- Directions
Repeat only the lines from the one containing "Miniature Australian Shepherd" to the final line below, exactly as they read, and leave every picture out.

[Opening Study material section]

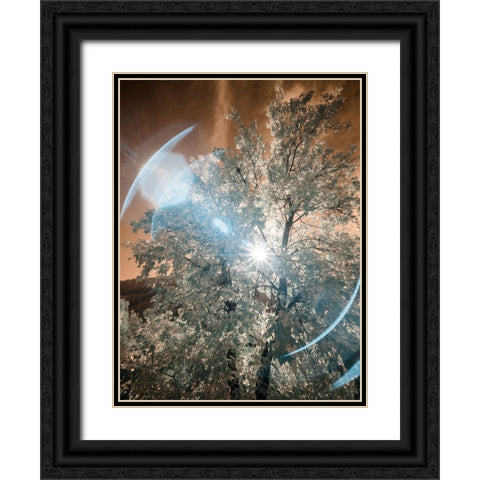 USA-Utah-Infrared of the Logan Pass area Black Ornate Wood Framed Art Print with Double Matting by Eggers, Terry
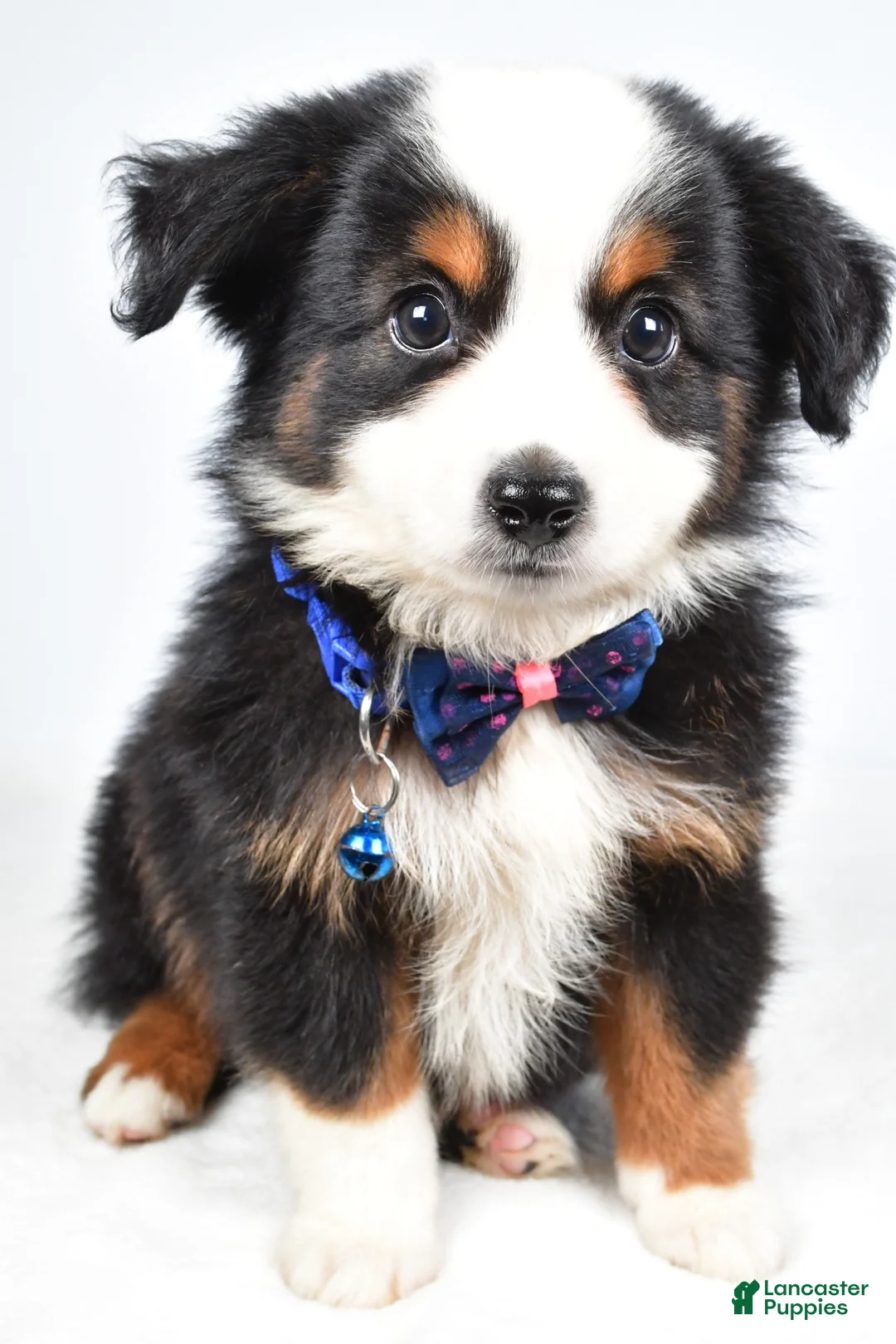 Miniature Australian Shepherd dogs for sale: Vader  - Ad 1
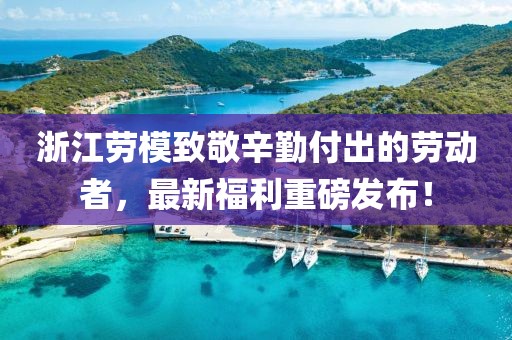 浙江劳模致敬辛勤付出的劳动者，最新福利重磅发布！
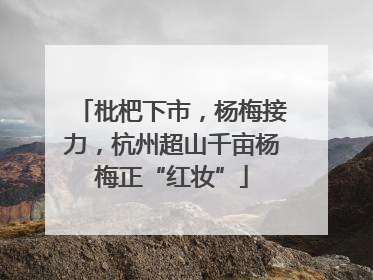 枇杷下市，杨梅接力，杭州超山千亩杨梅正“红妆”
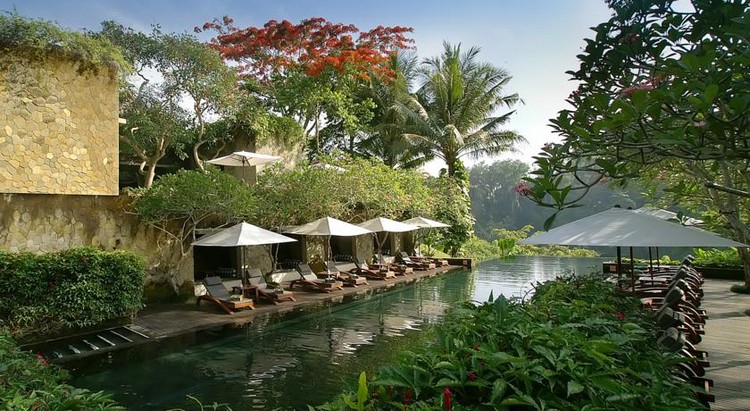 jardin-tropical-piscine-étroite-paarasol-paradis-bien-être
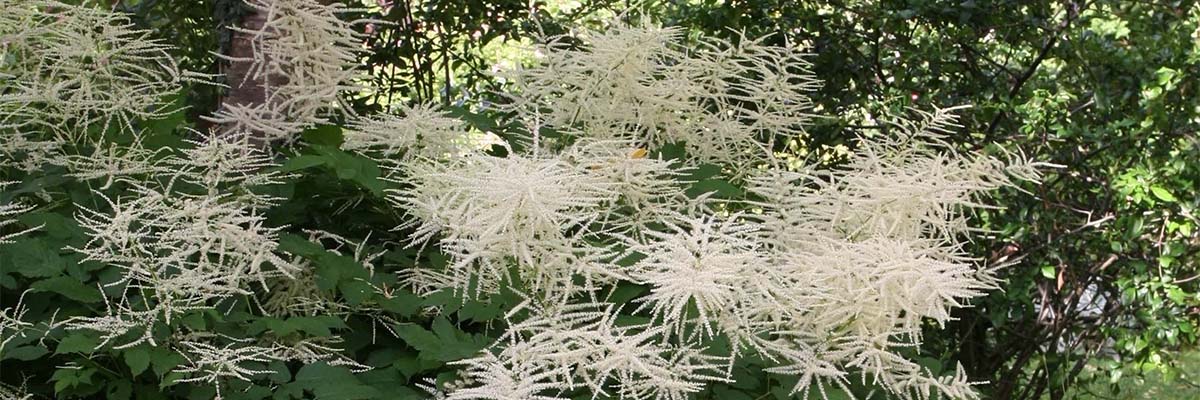 Aruncus, geitenbaard: planten, telen en verzorgen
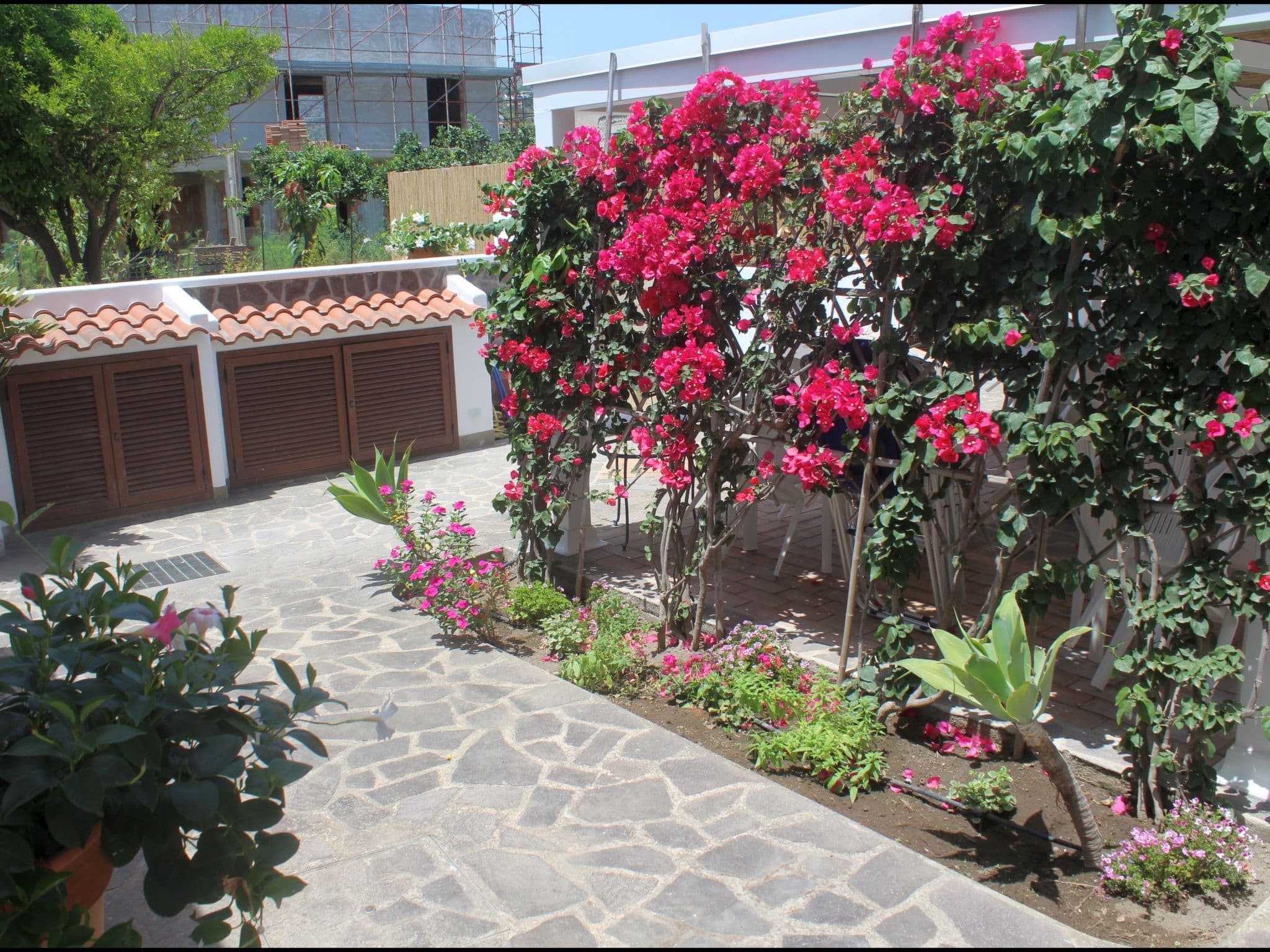 Gallery Image 19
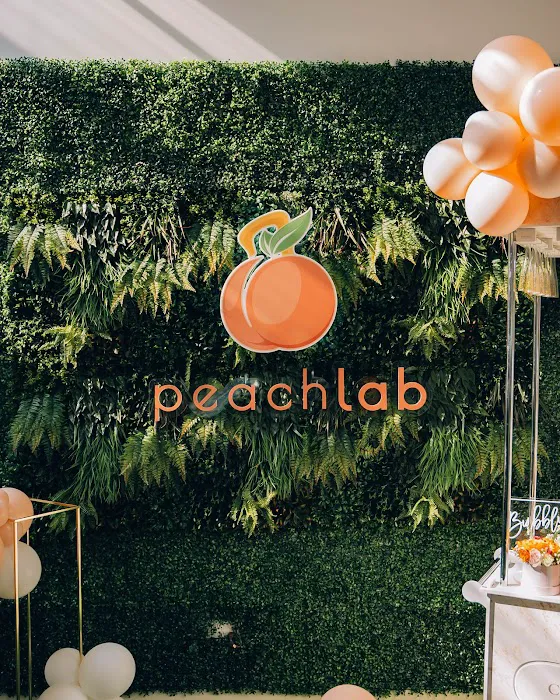 Peach Lab Picture 3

[Closing Study material section]

- Output below
 Miniature Australian Shepherd dogs for sale: Vader  - Ad 1
 浙江劳模致敬辛勤付出的劳动者，最新福利重磅发布！
 枇杷下市，杨梅接力，杭州超山千亩杨梅正“红妆”
 jardin-tropical-piscine-étroite-paarasol-paradis-bien-être
 Aruncus, geitenbaard: planten, telen en verzorgen
 Gallery Image 19
 Peach Lab Picture 3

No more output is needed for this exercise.